=== SUPPLIED INFORMATION ===
↓

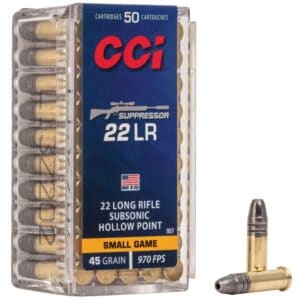 CCI Suppressor .22 LR 45gr. Subsonic Hollow Point 50Rnd Rimfire Ammo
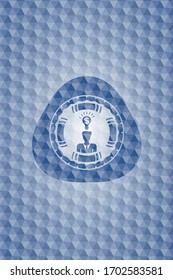 icono de idea de negocio dentro del emblema azul o placa con fondo de patrón geométrico. 
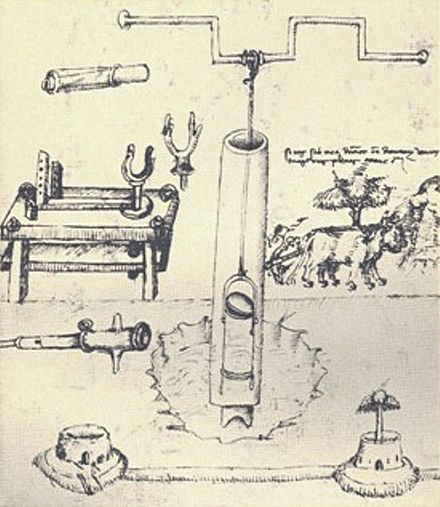 First European depiction of a piston pump, by Taccola, c. 1450.[36]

↑

=== EXERCISE DETAILS ===
Pictures in the listing above must be skipped; everything else should be copied exactly.

=== THE ANSWER ===
 CCI Suppressor .22 LR 45gr. Subsonic Hollow Point 50Rnd Rimfire Ammo
 icono de idea de negocio dentro del emblema azul o placa con fondo de patrón geométrico. 
 First European depiction of a piston pump, by Taccola, c. 1450.[36]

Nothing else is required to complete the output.